Input for this task START
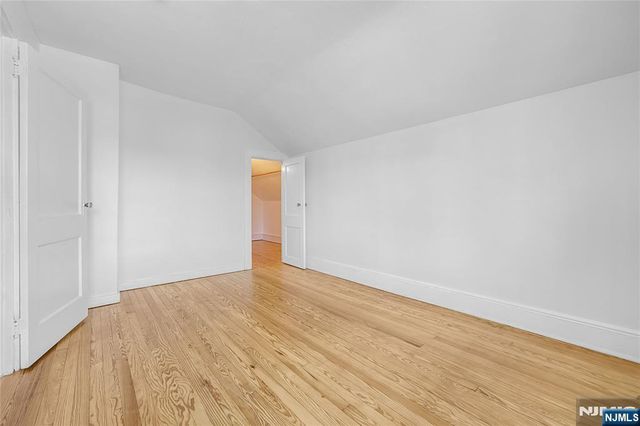 135 E Linden Avenue, Dumont, NJ 07628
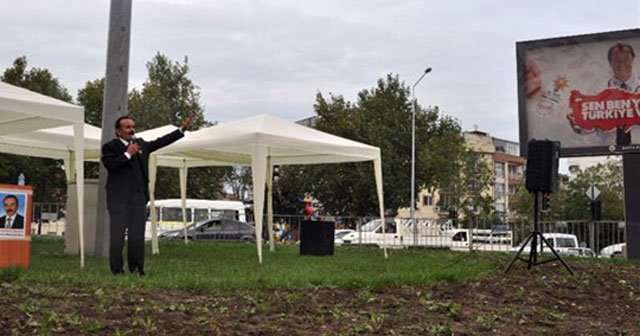 Boş meydanda tek kişilik miting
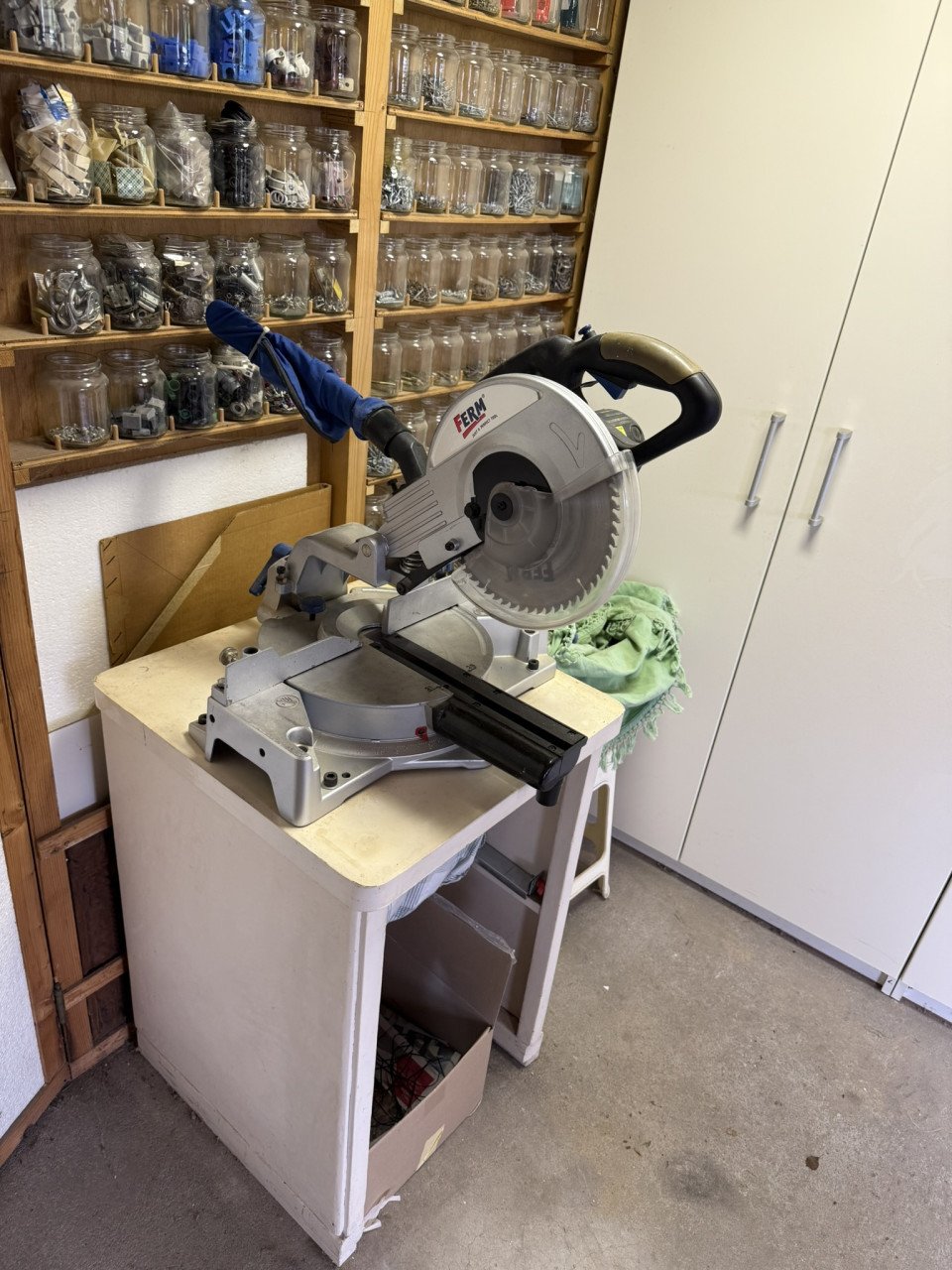 Te koop aangeboden: Ferm Afkortzaag FKZ-255S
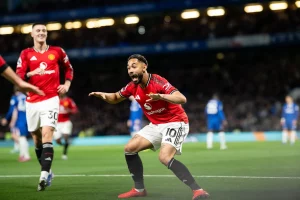 Premier League : Manchester United s'impose à Stamford Bridge et voit la Ligue des Champions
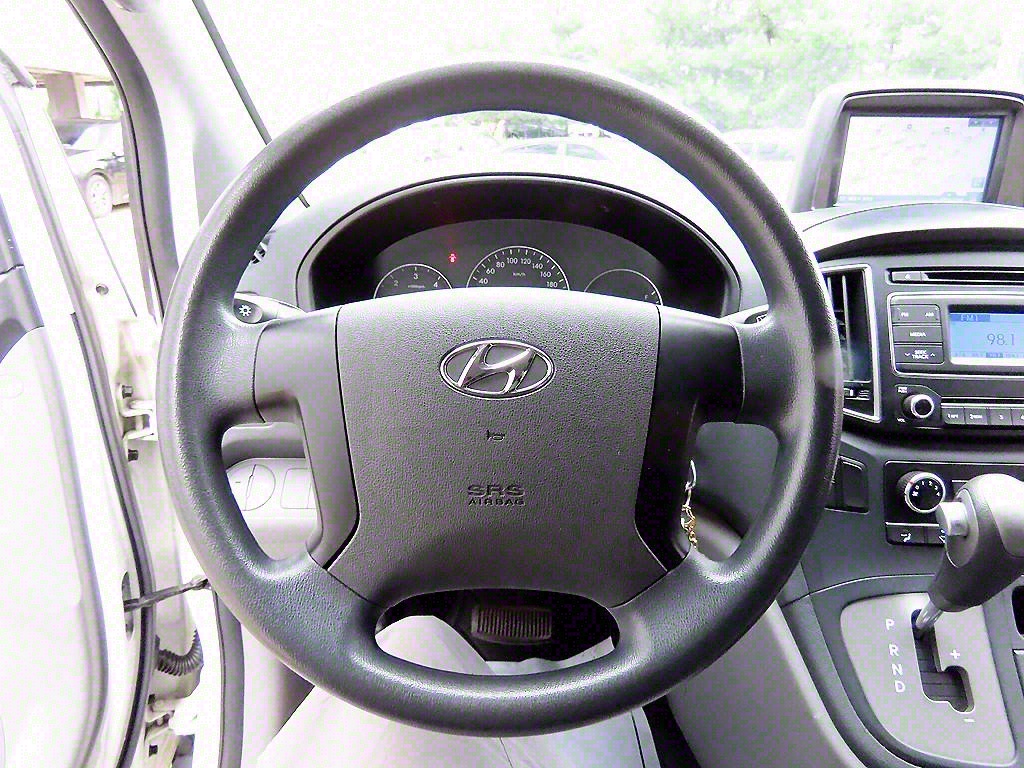 HYUNDAI Starex - Vista 8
Input for this task END
Goal of the exercise: In the copy, leave out all pictures, and retype exactly each line from the one with "Premier League : Manchester" through the last line of the entries.

Your response:
 Premier League : Manchester United s'impose à Stamford Bridge et voit la Ligue des Champions
 HYUNDAI Starex - Vista 8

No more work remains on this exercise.